* **Source material**:
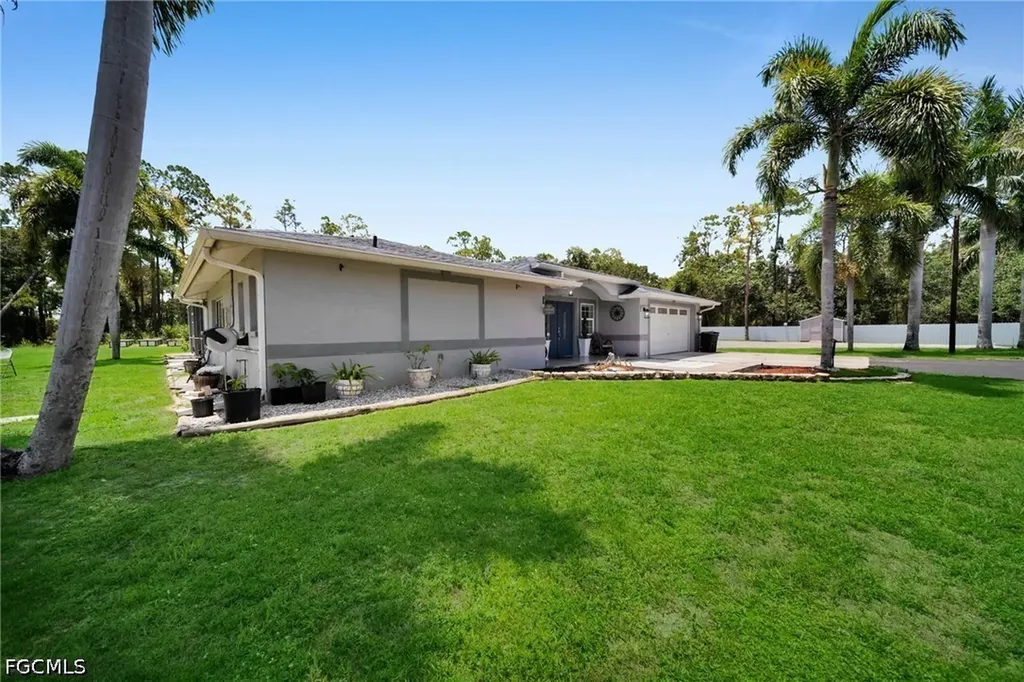 19901 Pine Echo Road North Fort Myers FL 33917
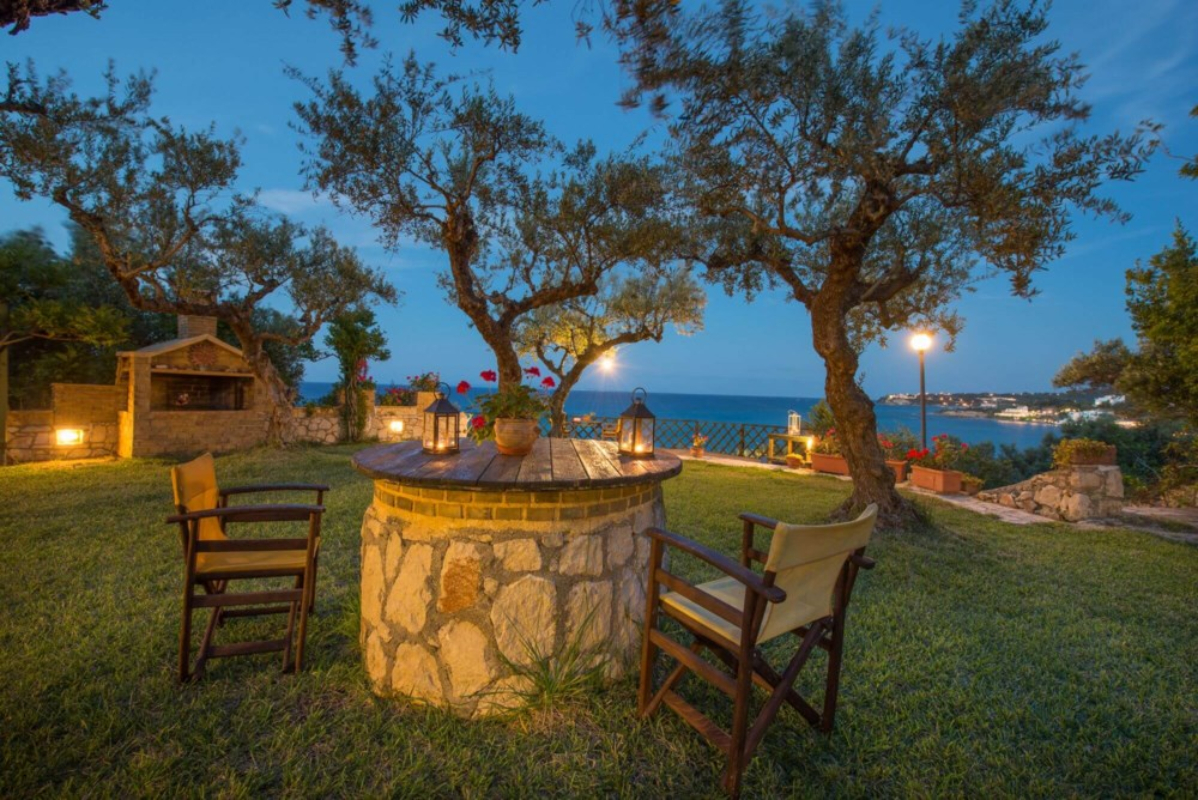 Bella Vista Sea View Apartments prostor za roštilj.jpg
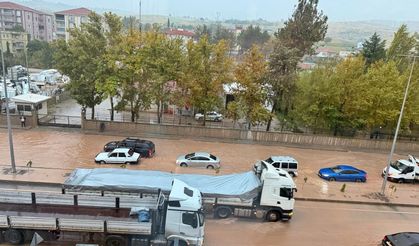 Adıyaman'da yollar su altında kaldı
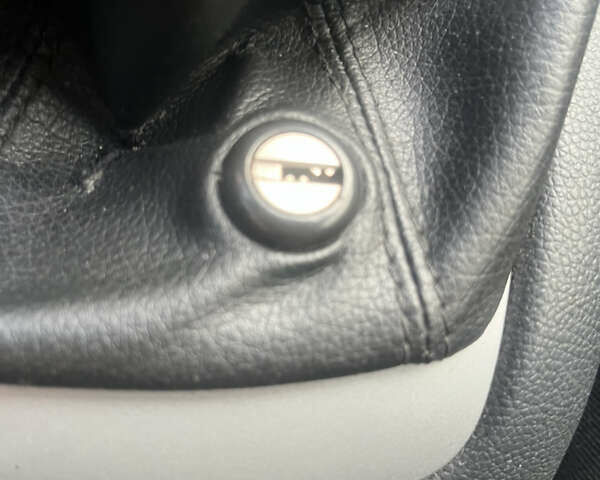 Белый Шкода Октавия, объемом двигателя 1.6 л и пробегом 186 тыс. км за 7700 $, фото 14 на Automoto.ua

* **Problem description**: Copy the listing above in full and exactly, but omit each picture that it holds.

* **Response**:
 19901 Pine Echo Road North Fort Myers FL 33917
 Bella Vista Sea View Apartments prostor za roštilj.jpg
 Adıyaman'da yollar su altında kaldı
 Белый Шкода Октавия, объемом двигателя 1.6 л и пробегом 186 тыс. км за 7700 $, фото 14 на Automoto.ua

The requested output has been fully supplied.